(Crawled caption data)
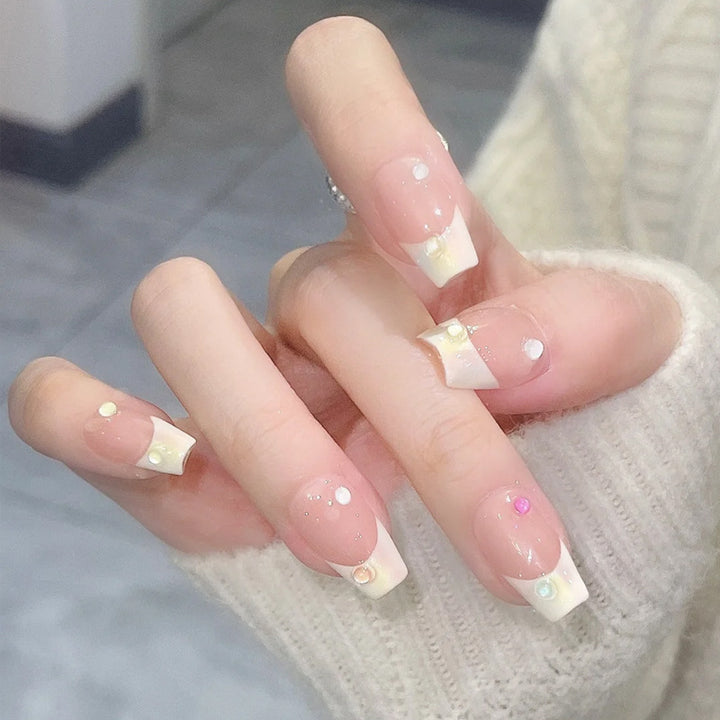 Elegant Long Press-On Nails Set with Artistic Tips Kalsten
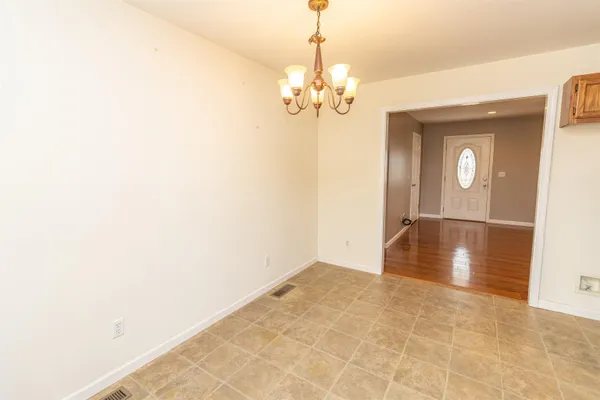 a view of a livingroom with a chandelier
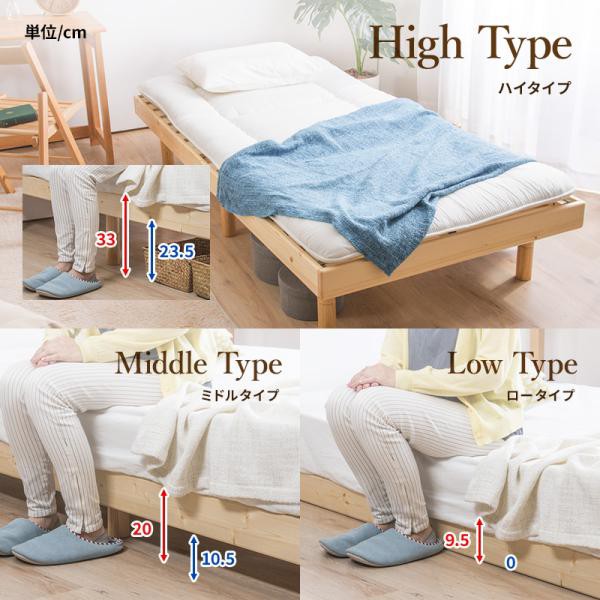 すのこベッド + 高反発 ボンネルコイルマットレスセット セミダブル 天然木フレーム高さ3段階すのこベッド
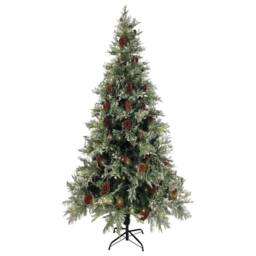 Berkfield Home Pre-lit Christmas Tree with Pine Cones Green&White 225 cm PVC&PE in Green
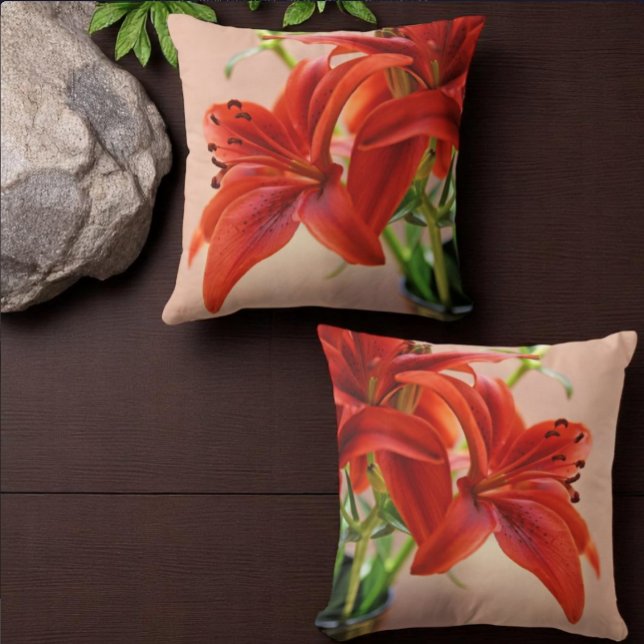 Tiger Lily sluit foto's af Kussen (front and back lily photograph pillow cover design)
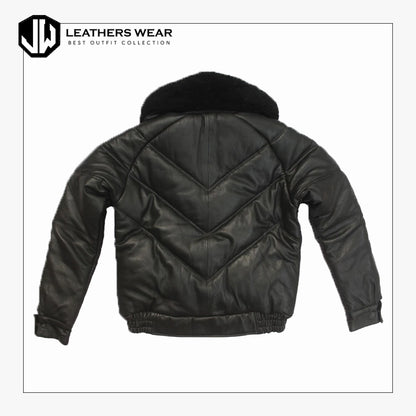 V Bomber Sheepskin Leather Jacket
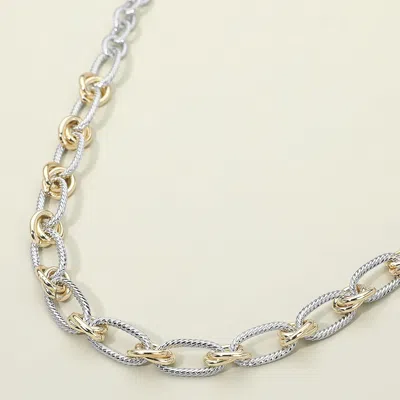 Fashnzfab 14k Gold Plated Two Tone Knot Link Chain Necklace In Multi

▶ **About this exercise**
From the records above, give again only the part that opens with the line containing "Berkfield Home Pre-lit" and closes with the line containing "V Bomber Sheepskin Leather Jacket". Keep both ends but drop the pictures.

▶ **Response below**
 Berkfield Home Pre-lit Christmas Tree with Pine Cones Green&White 225 cm PVC&PE in Green
 Tiger Lily sluit foto's af Kussen (front and back lily photograph pillow cover design)
 V Bomber Sheepskin Leather Jacket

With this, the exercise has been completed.